● EXERCISE DESCRIPTION
Please, starting at the line that contains "Rolex Oyster Perpetual", reproduce every line exactly until the records run out, skipping all pictures.

(Dataset excerpts)
-*-*-

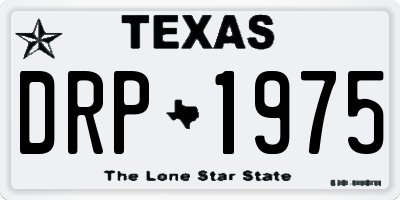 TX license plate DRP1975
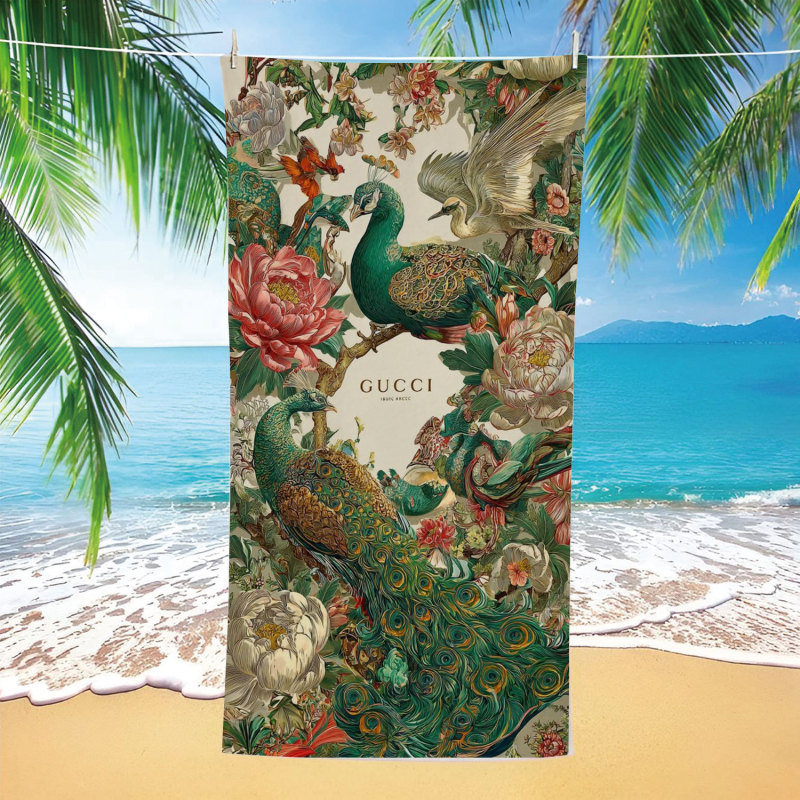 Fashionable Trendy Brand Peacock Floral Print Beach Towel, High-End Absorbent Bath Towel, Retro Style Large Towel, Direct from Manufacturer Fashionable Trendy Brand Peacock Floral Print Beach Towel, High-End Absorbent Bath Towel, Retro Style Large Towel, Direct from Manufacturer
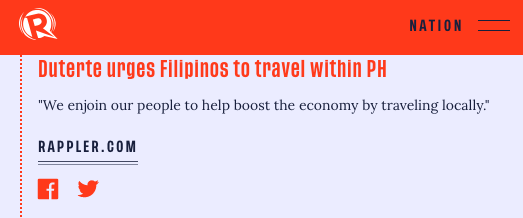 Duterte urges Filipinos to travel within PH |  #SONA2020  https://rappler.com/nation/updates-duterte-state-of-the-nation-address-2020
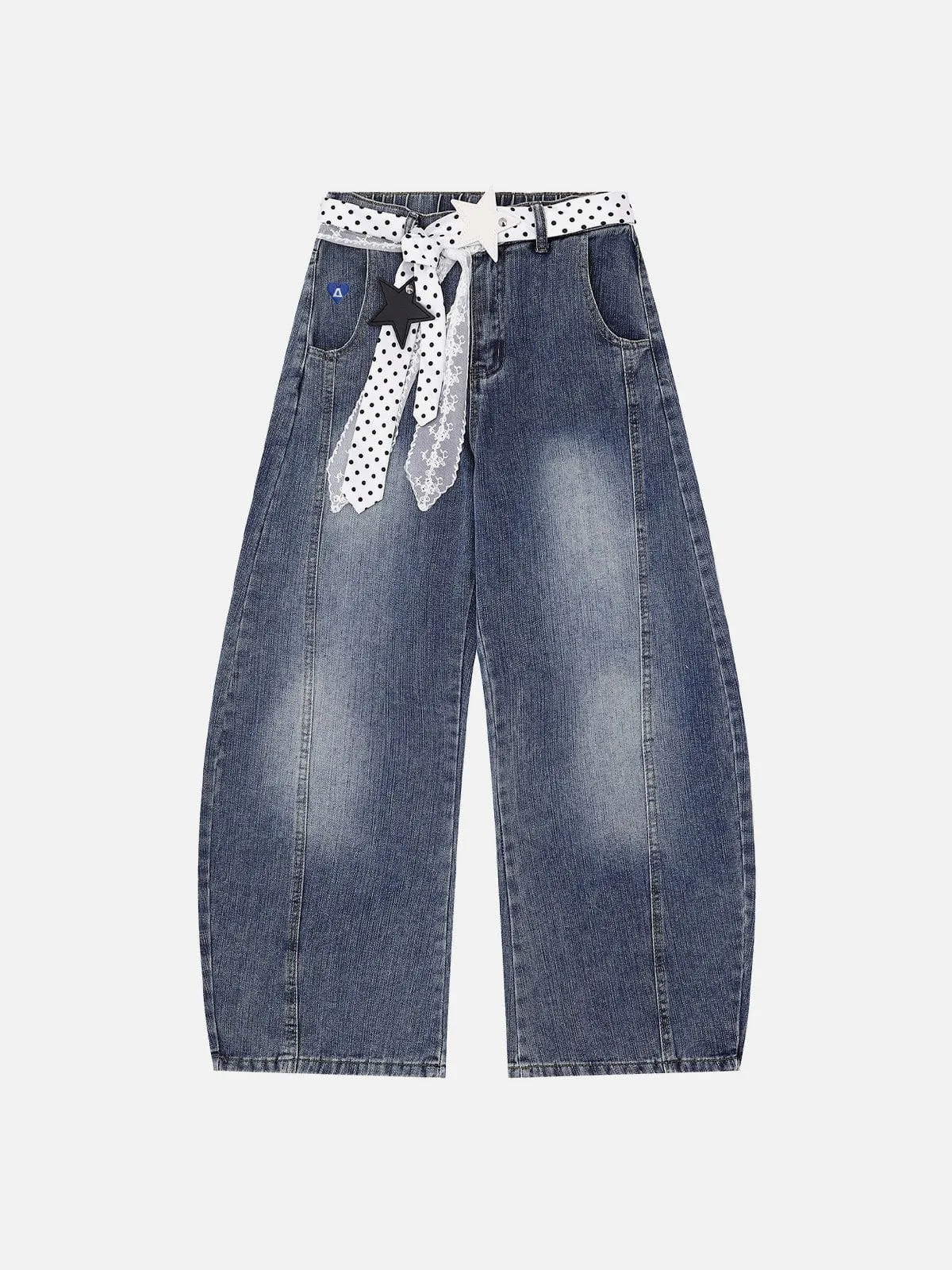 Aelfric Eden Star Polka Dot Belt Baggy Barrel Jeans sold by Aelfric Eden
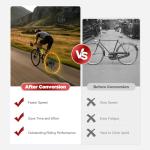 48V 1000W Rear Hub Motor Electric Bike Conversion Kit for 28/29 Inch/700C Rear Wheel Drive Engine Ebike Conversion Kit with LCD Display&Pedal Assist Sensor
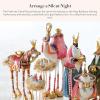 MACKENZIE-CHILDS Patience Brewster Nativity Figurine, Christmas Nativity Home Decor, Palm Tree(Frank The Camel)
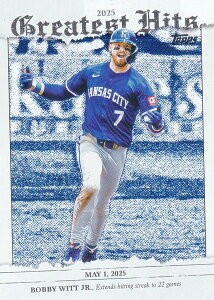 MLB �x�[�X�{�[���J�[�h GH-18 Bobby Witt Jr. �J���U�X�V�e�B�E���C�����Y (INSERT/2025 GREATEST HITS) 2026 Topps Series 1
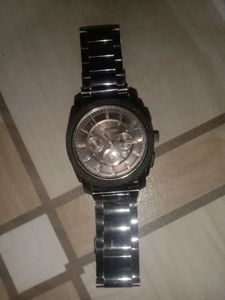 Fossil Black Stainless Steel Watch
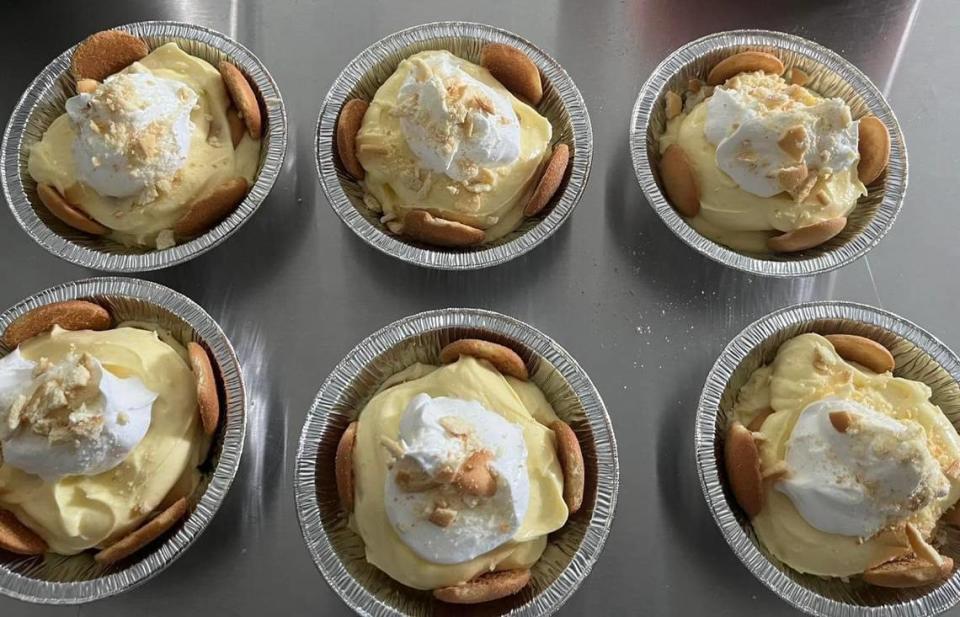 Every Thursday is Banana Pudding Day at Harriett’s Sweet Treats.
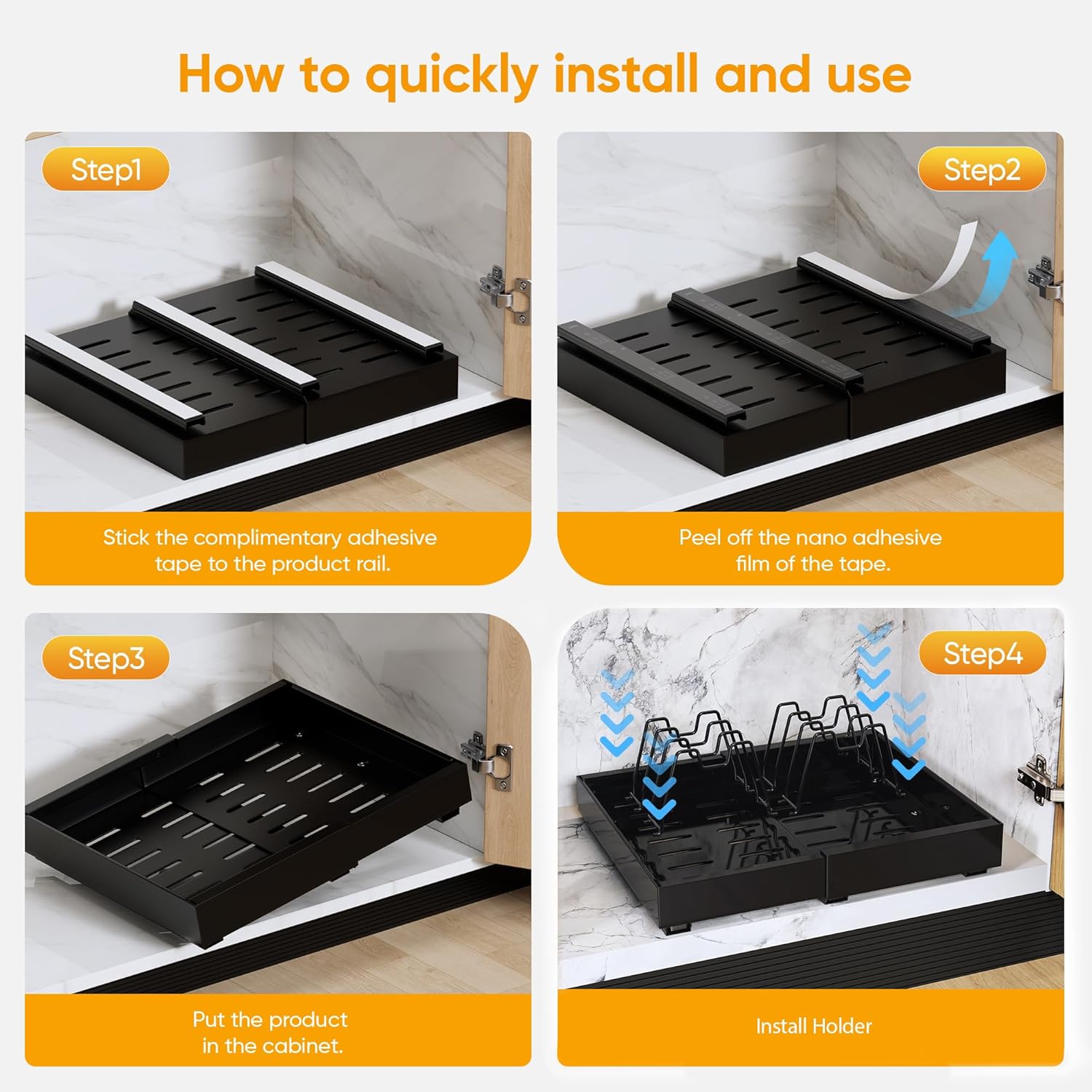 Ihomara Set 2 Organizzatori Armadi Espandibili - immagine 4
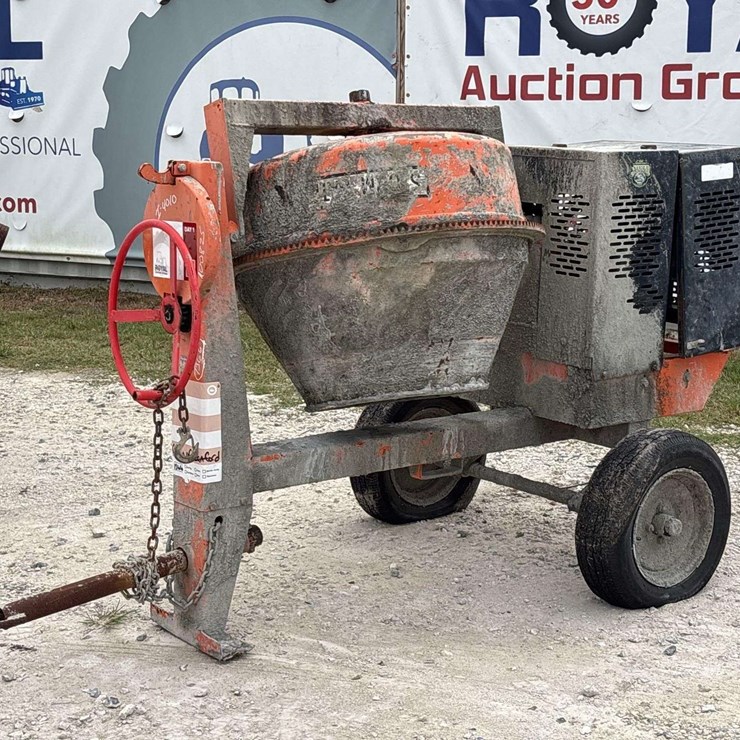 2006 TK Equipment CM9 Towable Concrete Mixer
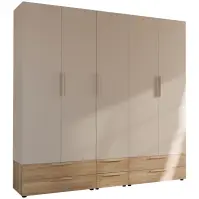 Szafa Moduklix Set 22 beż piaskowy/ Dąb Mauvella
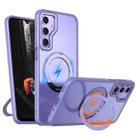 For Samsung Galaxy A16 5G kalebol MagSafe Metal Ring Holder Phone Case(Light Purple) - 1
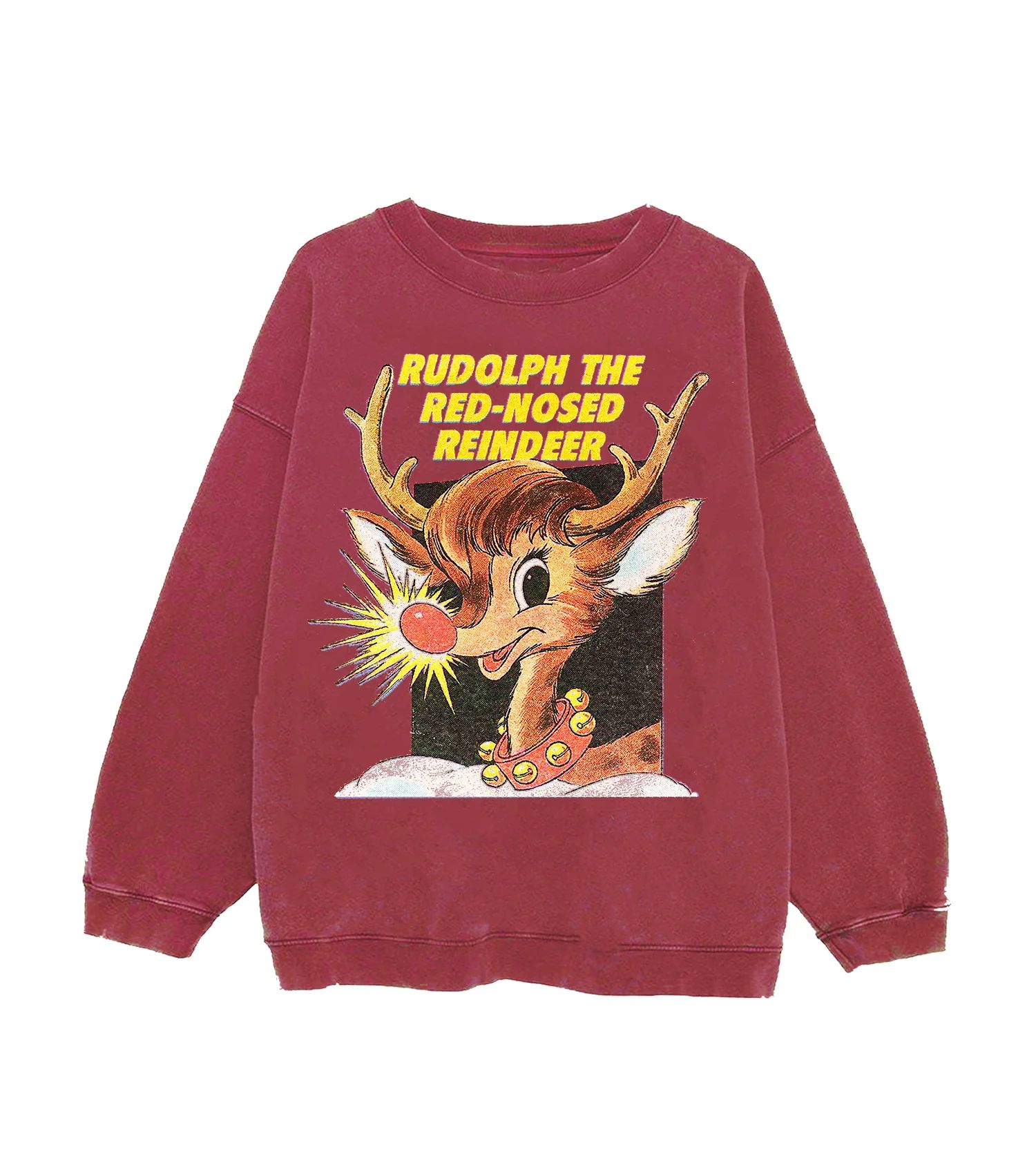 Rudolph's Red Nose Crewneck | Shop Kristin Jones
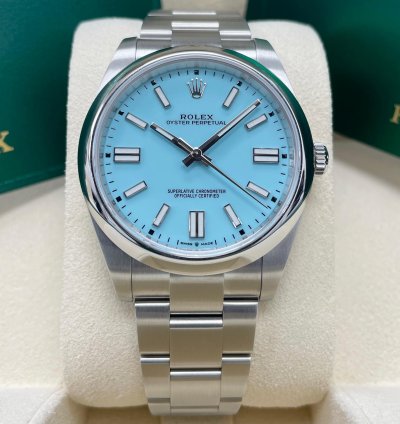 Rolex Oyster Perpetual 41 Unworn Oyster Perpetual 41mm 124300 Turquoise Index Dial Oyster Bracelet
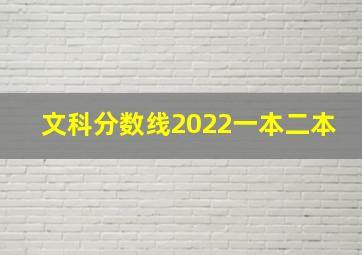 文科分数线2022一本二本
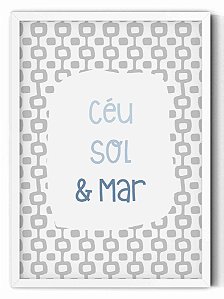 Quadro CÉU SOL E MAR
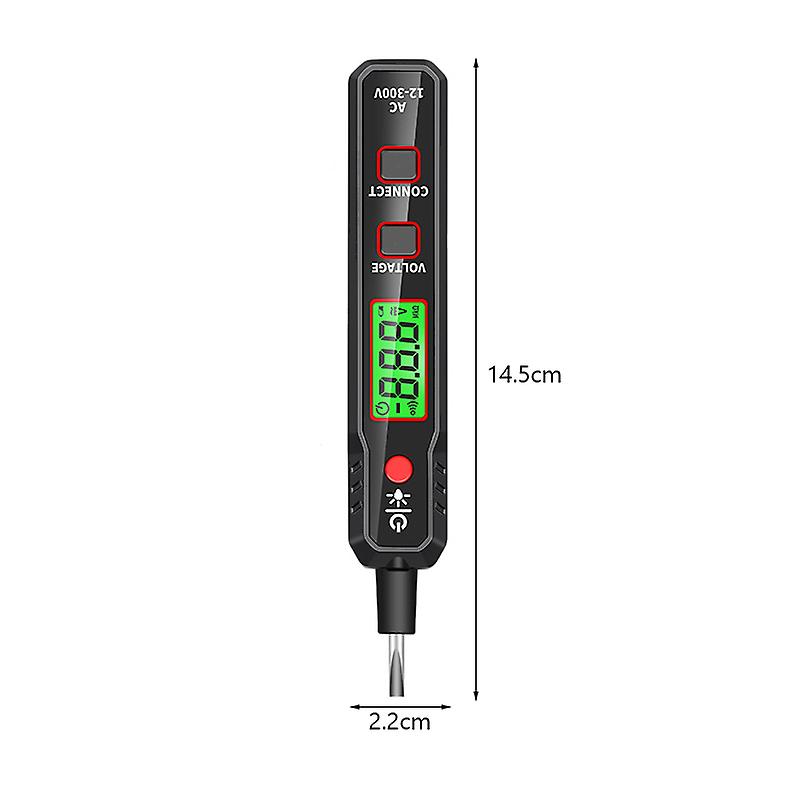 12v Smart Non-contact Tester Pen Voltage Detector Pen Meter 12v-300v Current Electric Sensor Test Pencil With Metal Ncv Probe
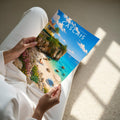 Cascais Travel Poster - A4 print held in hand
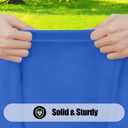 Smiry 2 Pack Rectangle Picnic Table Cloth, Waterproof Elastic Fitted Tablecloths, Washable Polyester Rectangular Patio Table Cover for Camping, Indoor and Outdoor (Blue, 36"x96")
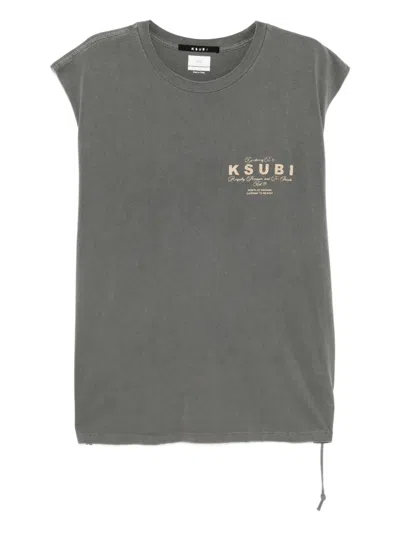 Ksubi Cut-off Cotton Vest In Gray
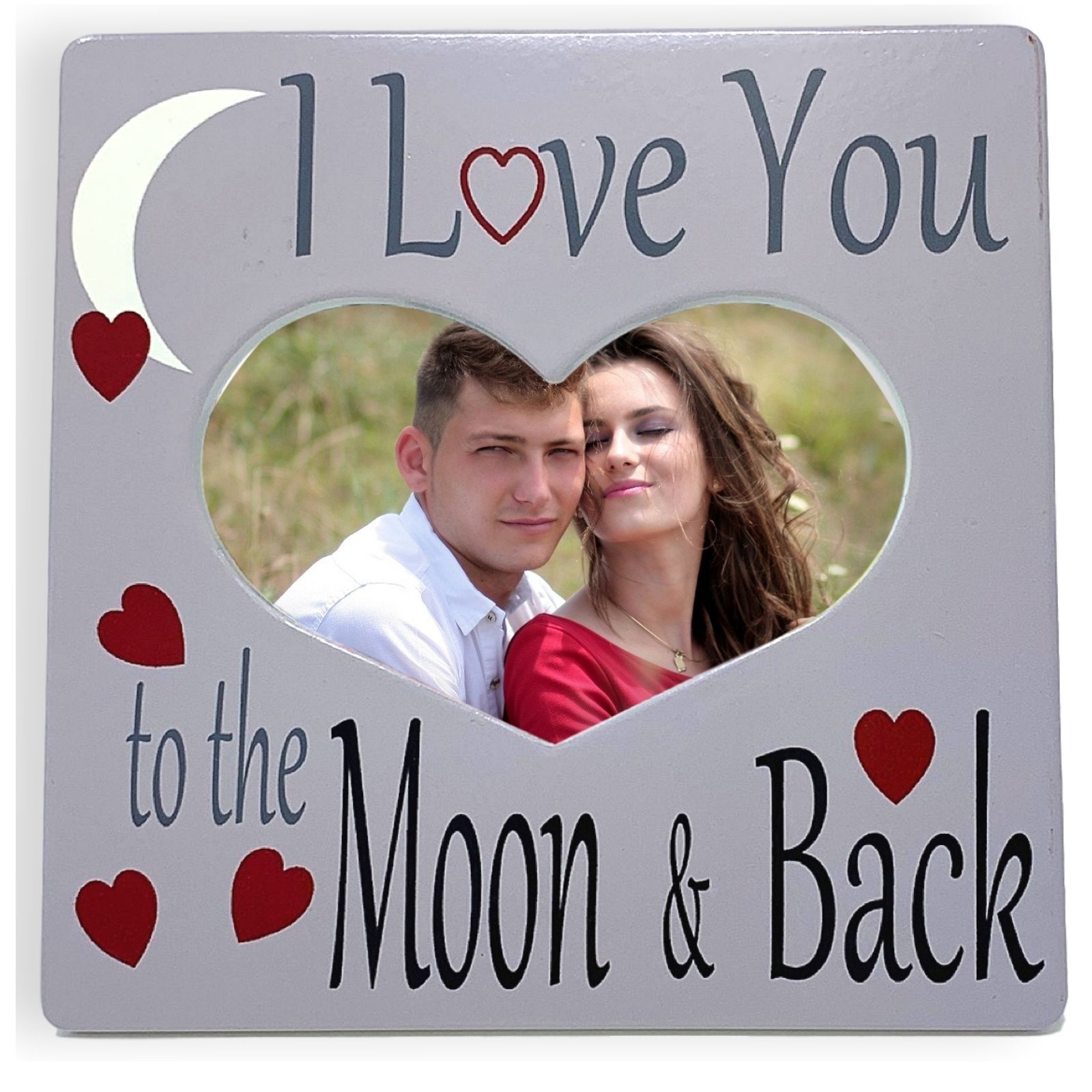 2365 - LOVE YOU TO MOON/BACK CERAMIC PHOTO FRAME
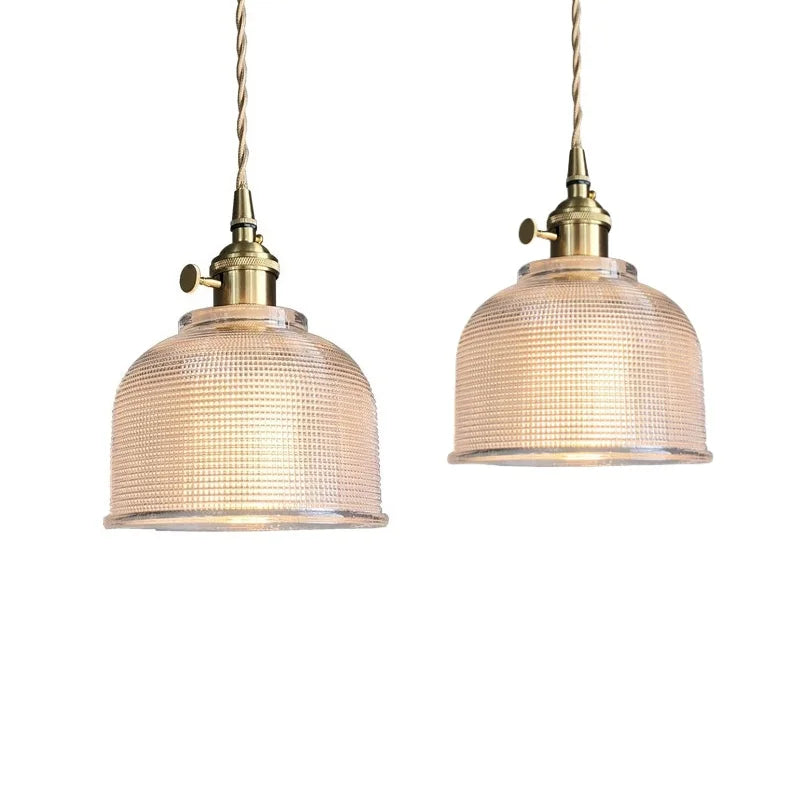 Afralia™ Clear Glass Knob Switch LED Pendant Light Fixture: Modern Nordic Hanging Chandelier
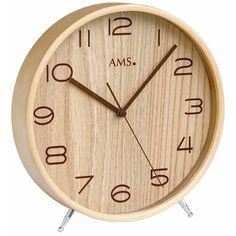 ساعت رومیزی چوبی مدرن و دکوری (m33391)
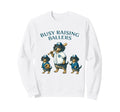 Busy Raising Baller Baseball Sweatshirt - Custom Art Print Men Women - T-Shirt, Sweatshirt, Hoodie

-*-*-

● ANSWER BELOW
 Rolex Oyster Perpetual 41 Unworn Oyster Perpetual 41mm 124300 Turquoise Index Dial Oyster Bracelet
 文科分数线2022一本二本
 Quadro CÉU SOL E MAR
 12v Smart Non-contact Tester Pen Voltage Detector Pen Meter 12v-300v Current Electric Sensor Test Pencil With Metal Ncv Probe
 Cascais Travel Poster - A4 print held in hand
 Smiry 2 Pack Rectangle Picnic Table Cloth, Waterproof Elastic Fitted Tablecloths, Washable Polyester Rectangular Patio Table Cover for Camping, Indoor and Outdoor (Blue, 36"x96")
 Ksubi Cut-off Cotton Vest In Gray
 2365 - LOVE YOU TO MOON/BACK CERAMIC PHOTO FRAME
 Afralia™ Clear Glass Knob Switch LED Pendant Light Fixture: Modern Nordic Hanging Chandelier
 ساعت رومیزی چوبی مدرن و دکوری (m33391)
 Busy Raising Baller Baseball Sweatshirt - Custom Art Print Men Women - T-Shirt, Sweatshirt, Hoodie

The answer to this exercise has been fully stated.